Use of steel in building homes is on the rise

August 20, 1994|By New York Times News Service

For more than 50 years the American steel industry has been promoting its product for residential construction -- with a stunning lack of success. According to the National Association of Home Builders, as recently as 1990, 94 percent of new homes were built with wood framing, with concrete block the most frequently used alternative.

But things are changing. According to the American Iron and Steel Institute, an industry trade group, the number of steel-framed homes increased to 15,000 last year from 500 in 1992, with 75,000 projected this year.

The boomlet can largely be laid to simple economics. In the last year, the near exhaustion of old-growth timber has become critical, sending the price of of wood soaring and the quality of what is available into decline.

Reluctantly, builders have begun looking for other alternatives, and some are switching to steel.

But acts of nature have also played a role. The devastation left in Florida by Hurricane Andrew in August 1992, and by recent earthquakes in California, have highlighted the need for strong and flexible housing.

Among larger buildings, steel-framed ones clearly did better than those made of wood or masonry.

Steelmakers who struggle with high fixed costs and highly cyclical markets in their traditional automotive, appliance and construction applications, see a much-needed stable outlet.

"There are 1.1 million to 1.8 million housing starts a year," said Richard Haws, manager for light construction at the Iron and Steel Institute. "Since each house uses five to six tons, it could be a huge market."

Still, a number of obstacles to wider use of steel remain, not the least of which is custom and habit. Though steel is strong, not flammable and impervious to termites or rot, in the past residential builders avoided it because they found it more difficult to cut and join.

However, high-rise use of steel has helped establish a manufacturing and distribution network for metal building studs and related material that is ready to expand -- and to help educate residential builders. Studs are the concealed vertical supports for the walls of a house, and are usually cut from 2-by-4-inch boards.

As for cost, the price of 1,000 board feet of lumber went from about $300 last July to about $500 last December and is now about $400, according to Michael Carliner, an economist with the National Association of Home Builders.

That puts steel, which once was twice as expensive as lumber, in a nearly competitive position, and has attracted builders who had signed contracts to build houses for a fixed price.

As for quality, structural timbers, boards 2 inches by 6 inches or larger, must be cut from dense, old growth trees to have sufficient strength. But 90 percent of the old growth has been cut down, and much of what is left is protected for environmental reasons.

"The forest management practices of the last 40 to 50 years have exacerbated the problem," said Nels C. Johnson, a forest ecologist with the World Resources Institute.

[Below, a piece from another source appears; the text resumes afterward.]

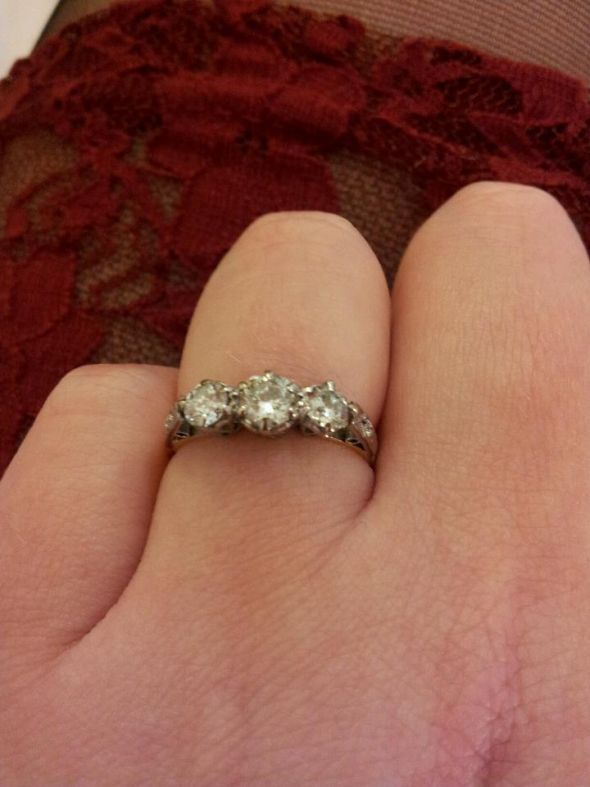 show me your three-stone e-rings! :  wedding three stone ring three stone radiant cut Ring2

Wood products companies, he said, replace diverse natural forests with tree plantations, using one species of fast-growing tree.

This allows them to harvest the trees sooner, but the wood produced is less dense and less strong than that of old growth. Builders complain that wood from the smaller plantation trees is more likely to have excessive knots and is prone to twisting and splitting.

"The quality of lumber has gotten a lot worse," said Jim McAleer, executive vice president of Kevin Scarborough Inc., a builder of single-family houses in southern New Jersey and Delaware. "It's green, it twists and has so many knot holes it looks like chipmunks have been running through it."

Officials of the American Forest and Paper Association, the lumber industry's principal trade group, said that builders have a perception of deteriorating quality in lumber.

In the past, the officials said, mills mixed higher-quality lumber with lower grades because there was little price difference. But since prices have risen, mills have been stricter about sorting.

"You see a more accurate mix now," said Robert Glowinski, a vice president of the association. "But builders on the job site may be disappointed that the higher grades are not in there."

A lot of builders are thinking about alternate materials, although few have actually made the switch. "We surveyed our members and found that about 2 percent of them are using steel, but that 45 percent are thinking about it," Mr. Carliner of the homebuilders group said.

Another obstacle to the wider use of steel in housing is that most building codes are designed around a wood structure, and the companies that fabricate the lightweight studs that can replace lumber have been unable to agree on standards. Many builders are reluctant to deviate from established codes for fear that they will have to pay for additional engineering to have their houses certified as safe.

"We are not talking U.S. Steel or Bethlehem here; there are 100 little companies that buy the steel from them and do the fabrication," said Larry Zarker of the homebuilders association's research center. "They tend to fight with each other a lot and, as a result, the homebuilding industry has not had good information."